Scraped caption text data
☆ ☆ ☆ ☆

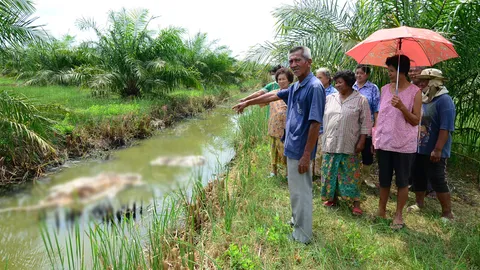 ผวาแก๊งโจรโหด ลักวัวฆ่าทารุณตัดขา 4 ข้าง ชาวบ้านรุมสาปแช่ง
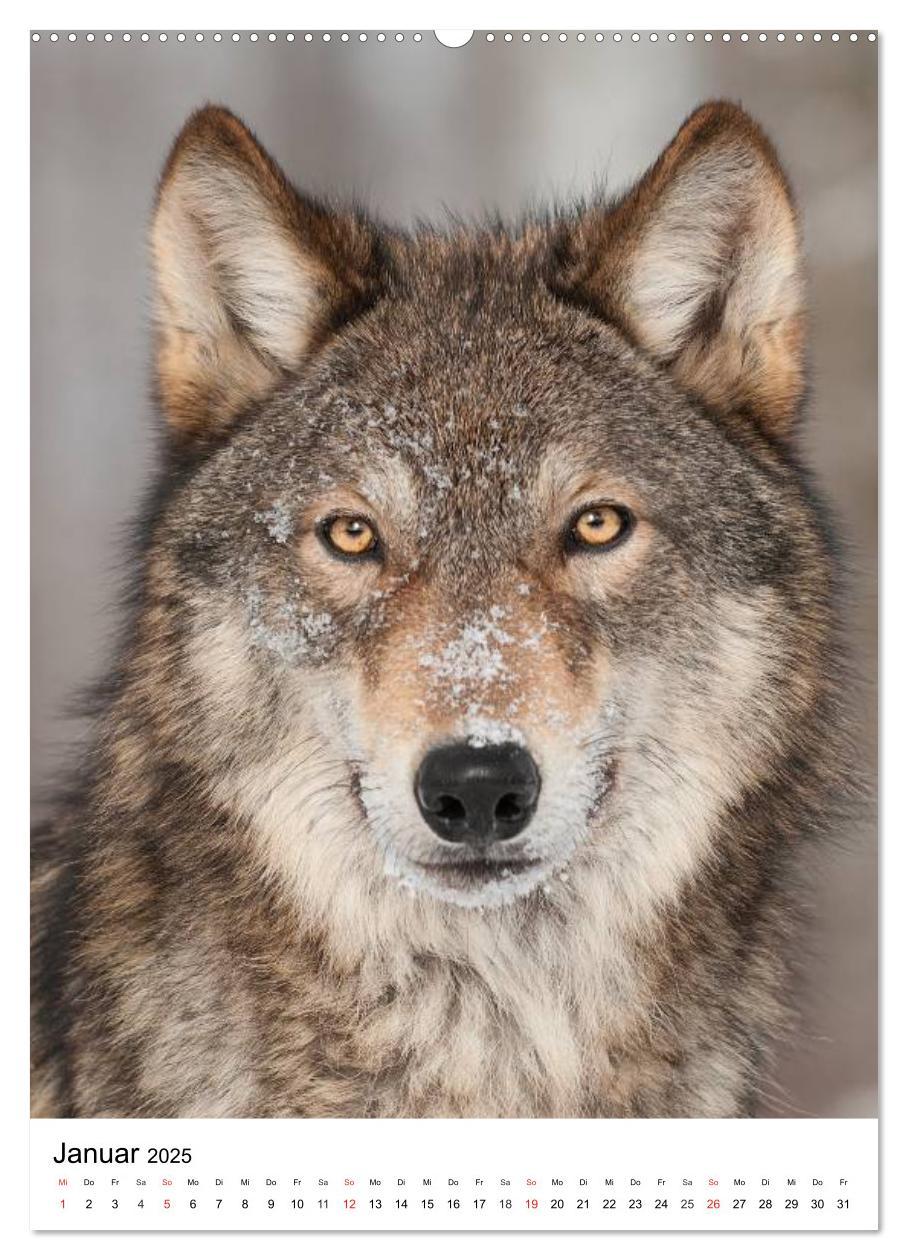 Bild: 9783457065587 | Wolf-Gesichter (Wandkalender 2025 DIN A2 hoch), CALVENDO...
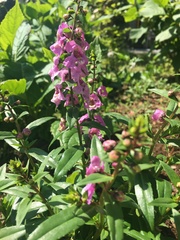 Angelonia
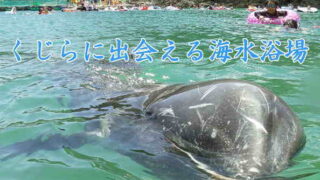 くじらに出会える海水浴場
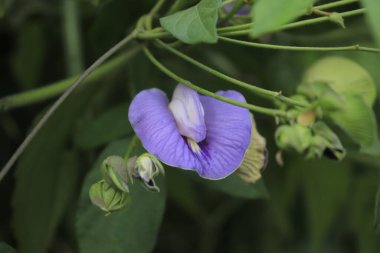 Güzel şekilli çiçekler açık mavi çiçeklerdir..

☆ ☆ ☆ ☆

*Directions*
What belongs in the answer is each line above, reproduced exactly, and no picture.

*Final answer*
 ผวาแก๊งโจรโหด ลักวัวฆ่าทารุณตัดขา 4 ข้าง ชาวบ้านรุมสาปแช่ง
 Bild: 9783457065587 | Wolf-Gesichter (Wandkalender 2025 DIN A2 hoch), CALVENDO...
 Angelonia
 くじらに出会える海水浴場
 Güzel şekilli çiçekler açık mavi çiçeklerdir..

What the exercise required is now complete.